Crenshaw, Waltz Introduce Bill to Authorize Use of Military Force Against Drug Cartels: ‘Time to Go on Offense’

( — On Jan. 12, Rep. Dan Crenshaw (R-Tex.) and Rep. Mike Waltz (R-Fla.) introduced legislation that would create the Authorization for Use of Military Force (AUMF) to target drug cartels involved in “facilitating the fentanyl crisis at America’s southern border.”

In a press release, Crenshaw and Waltz announced the introduction of their House Joint Resolution “to authorize the use of United States Armed Forces against those responsible for trafficking fentanyl or a fentanyl-related substance into the United States or carrying out other related activities that cause regional destabilization in the Western Hemisphere.”

“We cannot allow heavily armed and dangerous cartels to destabilize Mexico and import people and drugs into the United States. We must start treating them like ISIS — because that is who they are,” said Crenshaw.

As Rep. Waltz explained, the ongoing crisis at the Southern border has become “untenable” for law enforcement, which he mainly attributed to the actions of the “well-financed Sinaloa and Jalisco cartels.” 

“Not only are these paramilitary transnational criminal organizations responsible for killing an unprecedented number of Americans, but they are actively undermining our sovereignty by destabilizing our border and waging war against U.S. law enforcement and the Mexican military,” added Waltz, who said, “it’s time to go on offense.” 


“The U.S. was successful in assisting the Colombian government dismantle cartels in the 1990s and must do the same now,” said Waltz. 

The AUMF would grant the president the authority to use military force against the drug cartels based on their drug trafficking and use of force against U.S. and Mexican law enforcement officials and militaries. Furthermore, the AUMF specifically names the two biggest cartels currently operating in Mexico: the Sinaloa Cartel and the Jalisco New Generation Cartel.

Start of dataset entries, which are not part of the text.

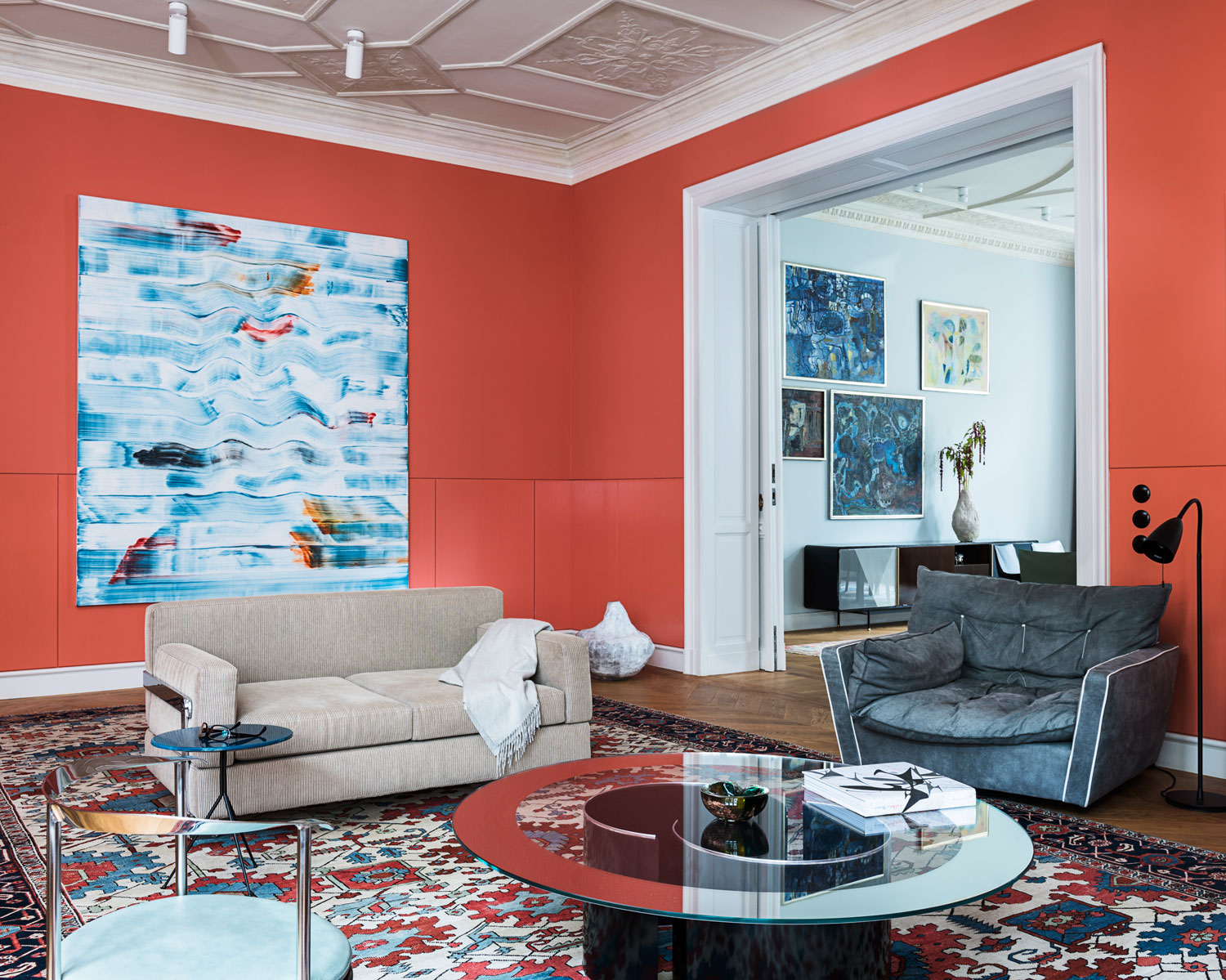 柏林历史公寓的现代奢华演绎-17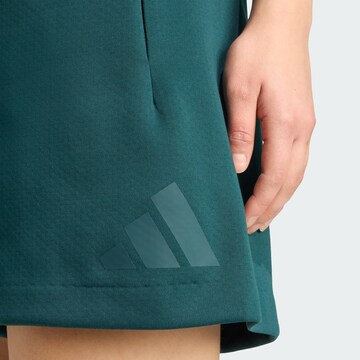 ADIDAS SPORTSWEAR Свободный крой Спортивные штаны 'Z.N.E.' в Зеленый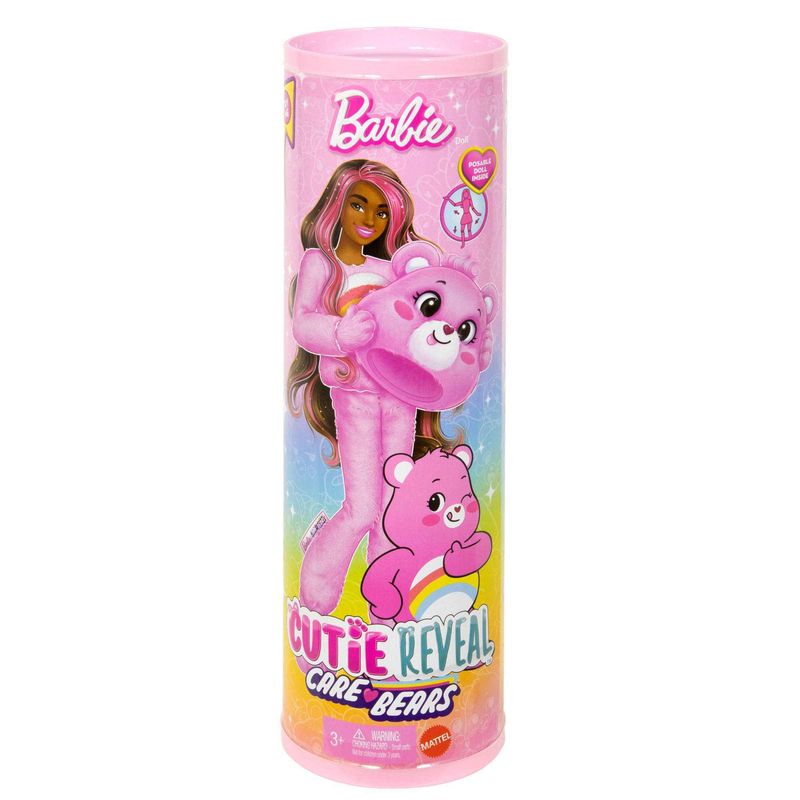 BARBIE - Barbie Cutie Reveal Muñeca Ositos Cariñositos Sorpresa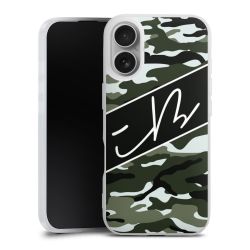 Silikon Premium Case mattweiss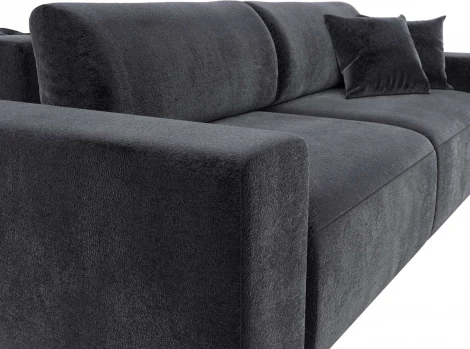 Диван прямой Лига-036 НПБ Классик Лига Диванов (Велюр) арт.127663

According to the text of the bill, the president may use force against foreign actors, countries, or organizations that the president determines to have participated in a number of illegal actions against the United States outlined in Section 2: “Authorization for Use of United States Armed Forces.” 

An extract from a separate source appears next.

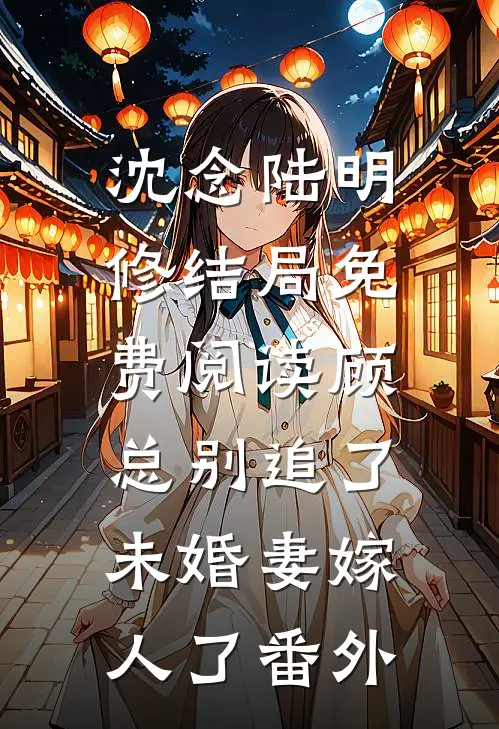 沈念陆明修结局免费阅读顾总别追了，未婚妻嫁人了番外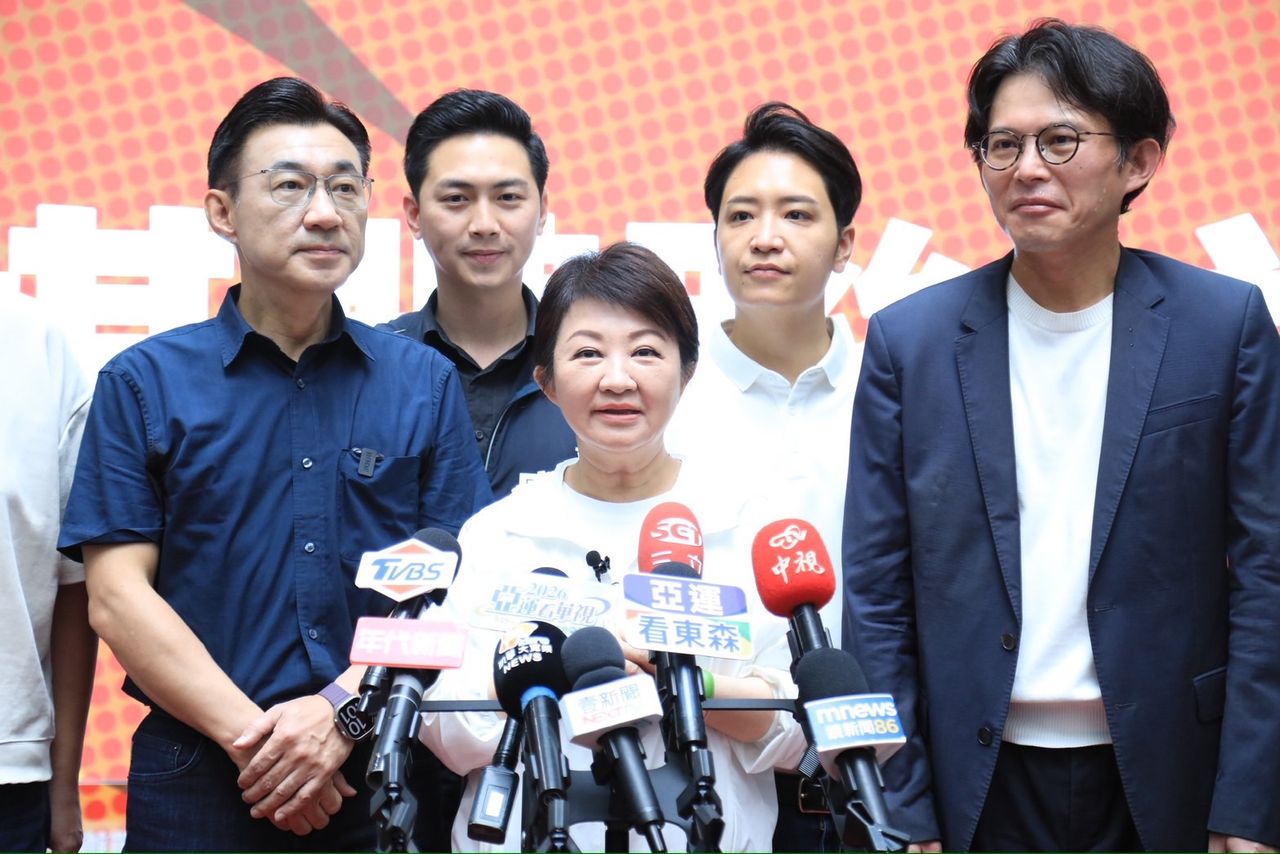 國民黨掌握國會、地方還嗆綠營一黨獨大?吳崢:盧秀燕別只專心權謀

The legislation lists the following nine cartels to have participated in these actions that warrant U.S. military action as directed by the president:

            – The Sinaloa Cartel;

            – The Jalisco New Generation Cartel;

            – The Gulf Cartel;

            – The Los Zetas Cartel;         

            – The Northeast Cartel;

            – The Tijuana Cartel;

            – The Beltran-Levya Cartel;

            – The La Familia Michocana (AKA ‘Knight Templar Cartel’).

The bill prohibits the military from being applied to foreigners located outside of U.S. territory. This provision is included in the bill “to ensure the civil liberties of U.S. citizens are protected.”

Furthermore, included in the AUMF is a call for its own termination after five years of the enactment of the joint resolution.

According to the release, this sunset clause is included “to ensure the war against cartels does not become an endless war.”

In 2021, for the first time in U.S. history, there were more than 100,000 overdose deaths within the span of a one-year period. More than 75,000 of those deaths reportedly were due to fentanyl.